Sunday 26 October 2014

Horst P. Horst - V&A Museum 24th October 2014

I went to see the Horst exhibition as I have found the history of photography extremely interesting. My delight and captivation with Paul Himmel and Lillian Bassman was just the start of it.  Since reading about them I have watched documentaries on Richard Avedon and Brian Duffy, and those, along with seeing the David Baily exhibition and reading about Diane Arbus mean I am beginning to piece together some history and development within fashion photography at least.
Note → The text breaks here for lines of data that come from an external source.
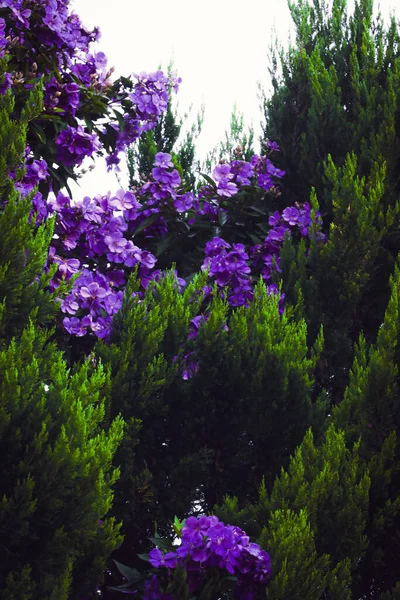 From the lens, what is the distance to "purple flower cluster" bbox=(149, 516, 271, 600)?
12.4 ft

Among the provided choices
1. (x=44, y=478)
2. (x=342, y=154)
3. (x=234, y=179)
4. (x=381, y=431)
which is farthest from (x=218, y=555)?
(x=342, y=154)

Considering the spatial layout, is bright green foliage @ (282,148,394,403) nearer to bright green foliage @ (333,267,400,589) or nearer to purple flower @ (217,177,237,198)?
bright green foliage @ (333,267,400,589)

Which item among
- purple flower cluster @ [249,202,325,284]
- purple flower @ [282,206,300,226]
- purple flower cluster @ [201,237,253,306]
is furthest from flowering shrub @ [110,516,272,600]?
purple flower @ [282,206,300,226]

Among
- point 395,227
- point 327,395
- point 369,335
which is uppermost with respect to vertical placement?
point 395,227

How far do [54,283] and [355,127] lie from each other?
3.04 metres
Horst, born in 1906 in Germany, worked at Vogue under Mr. Nast himself.  The limitations of photography then plus Conde Nast's insistence that photographers used 10x8 plate cameras meant that Horst's work  - focused on dresses - had to be shot in quite a specific way.  For instance the lights, and there were lots of them, were extremely bright and tended to make the models' skin look lined and sallow.  This explains why the faces of many of his models in the 30s (often not models at all but friends of people who worked for Vogue) were in shadow or hardly lit at all.   He says in the V&A exhibition book that he 'tried lighting it (the face) from below or from the side, or sometimes straight on with just the eye of the cheek lit up' (1) which sounds rather surreal.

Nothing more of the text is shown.